:: Information supplied ::

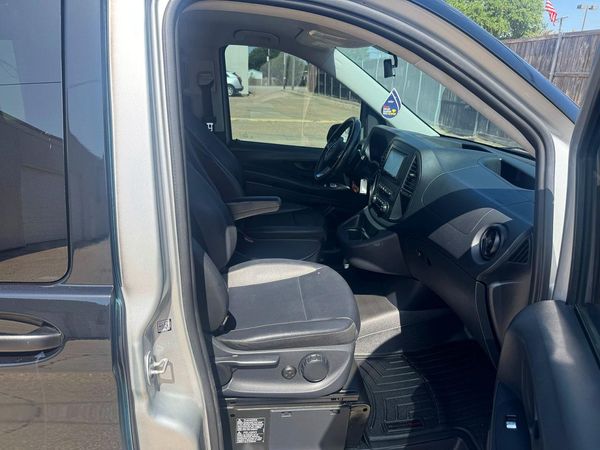 2019 MERCEDES-BENZ METRIS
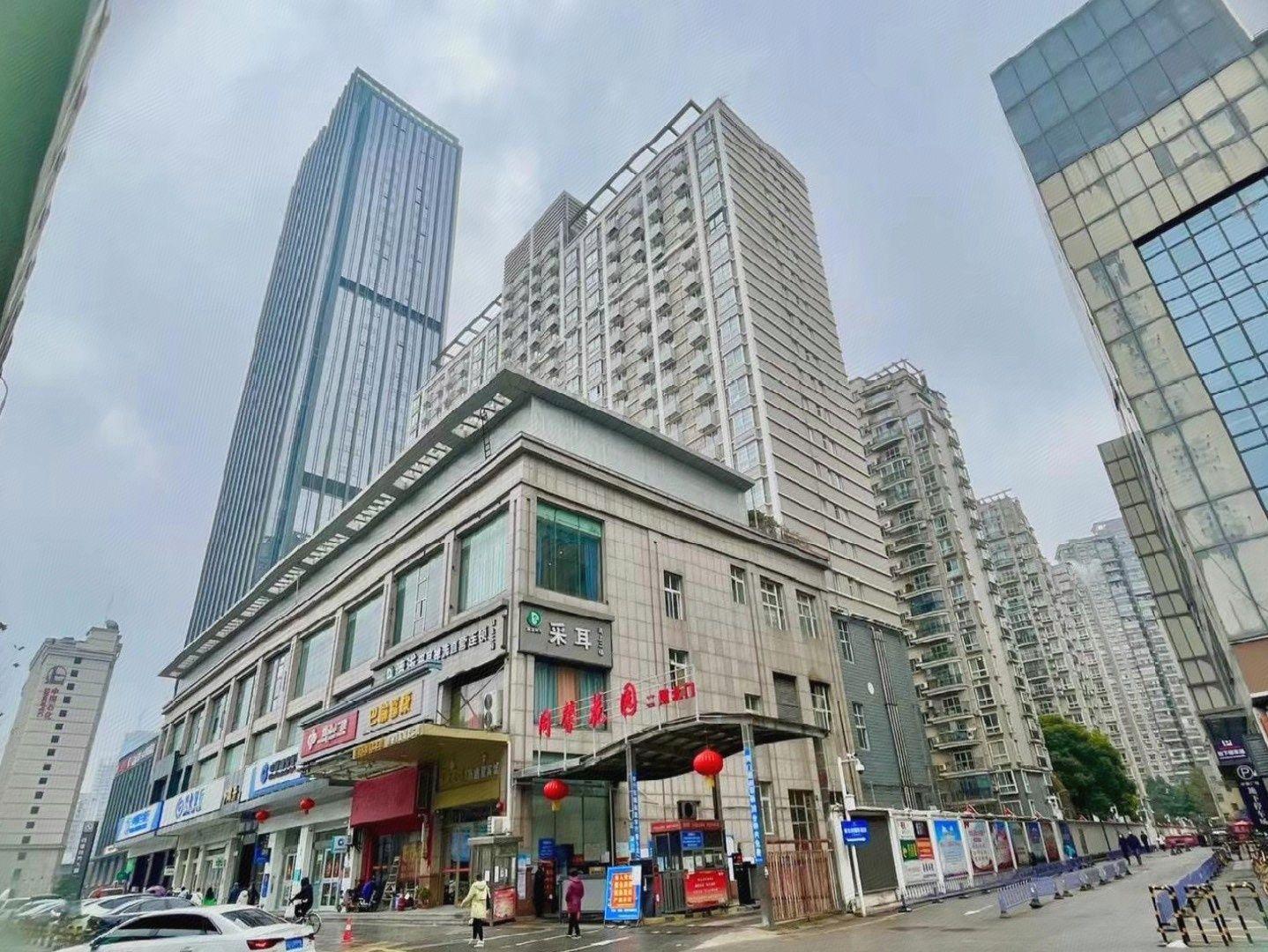 Atour Hotel Wuhan International Plaza Jiefang Avenue Tongji Medical College 1/38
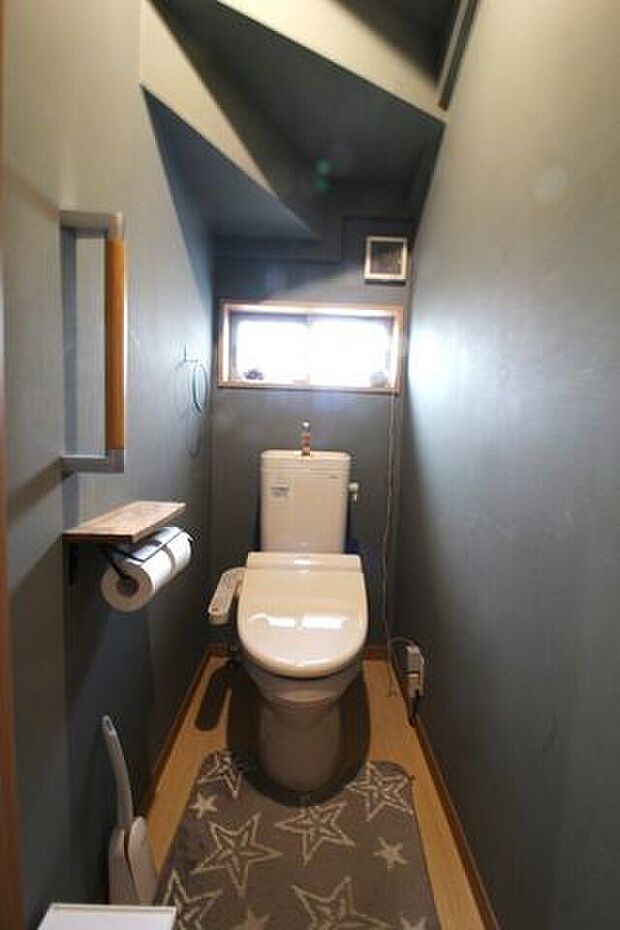 1階トイレは階段下のスペースを利用された設計！おしゃれな色合いに仕上げてあり、落ち付いた空間になっております！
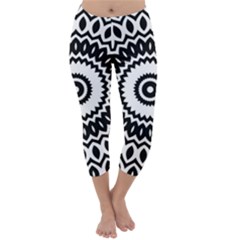 Circular Concentric Radial Symmetry Abstract Capri Winter Leggings 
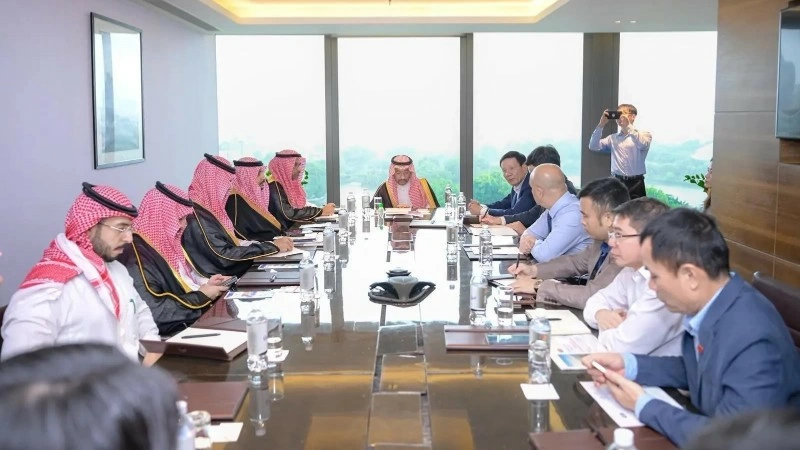 Bộ trưởng Công nghiệp và Khoáng sản Saudi Arabia Bandar Bin Ibrahim AlKhorayef thăm, làm việc tại Việt Nam. (Ảnh SPA)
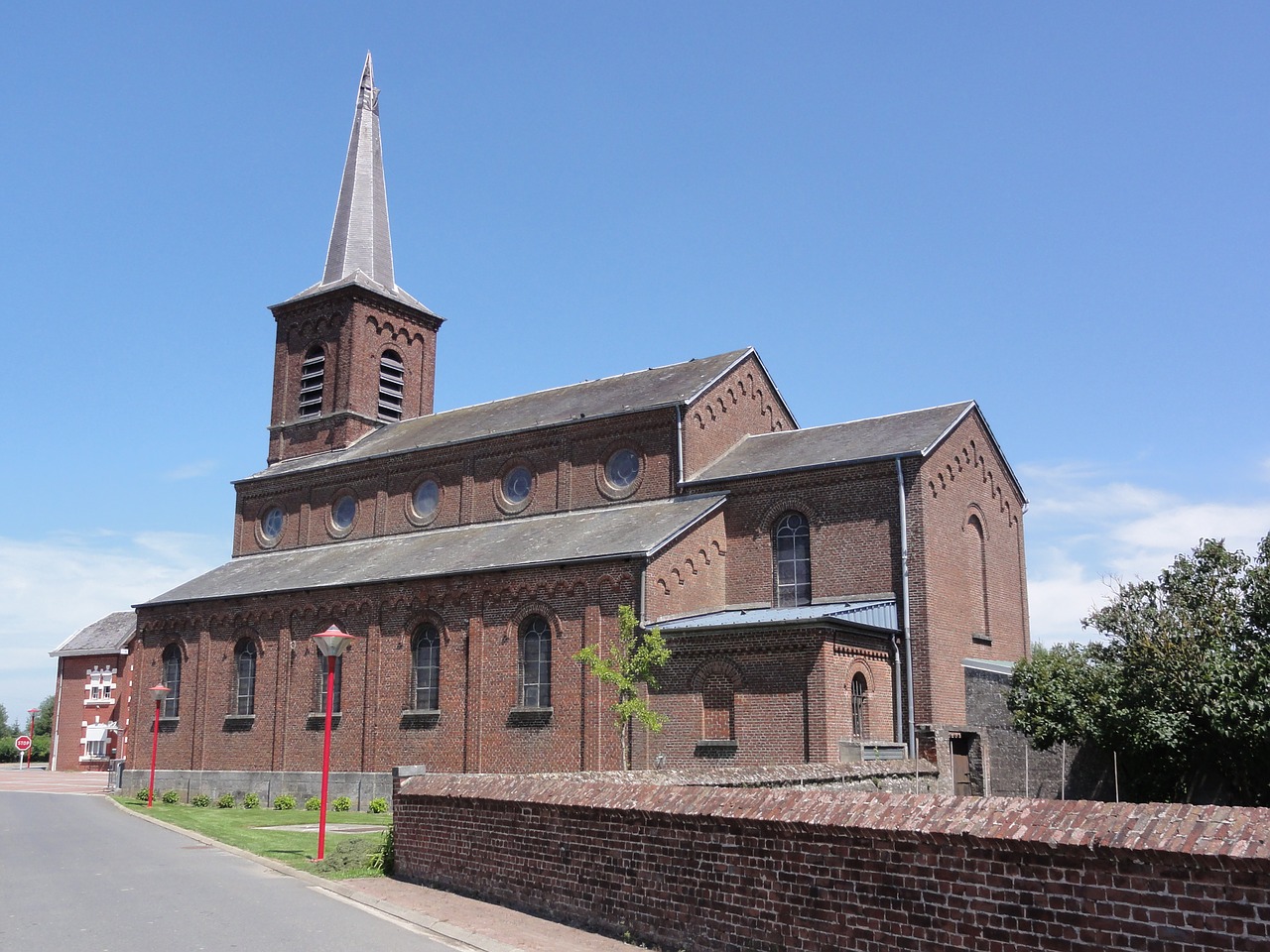 beugnies france church free photo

:::

What to produce – Please restate the entries word for word. Skip the pictures.

Answer space –
 2019 MERCEDES-BENZ METRIS
 Atour Hotel Wuhan International Plaza Jiefang Avenue Tongji Medical College 1/38
 1階トイレは階段下のスペースを利用された設計！おしゃれな色合いに仕上げてあり、落ち付いた空間になっております！
 Circular Concentric Radial Symmetry Abstract Capri Winter Leggings 
 Bộ trưởng Công nghiệp và Khoáng sản Saudi Arabia Bandar Bin Ibrahim AlKhorayef thăm, làm việc tại Việt Nam. (Ảnh SPA)
 beugnies france church free photo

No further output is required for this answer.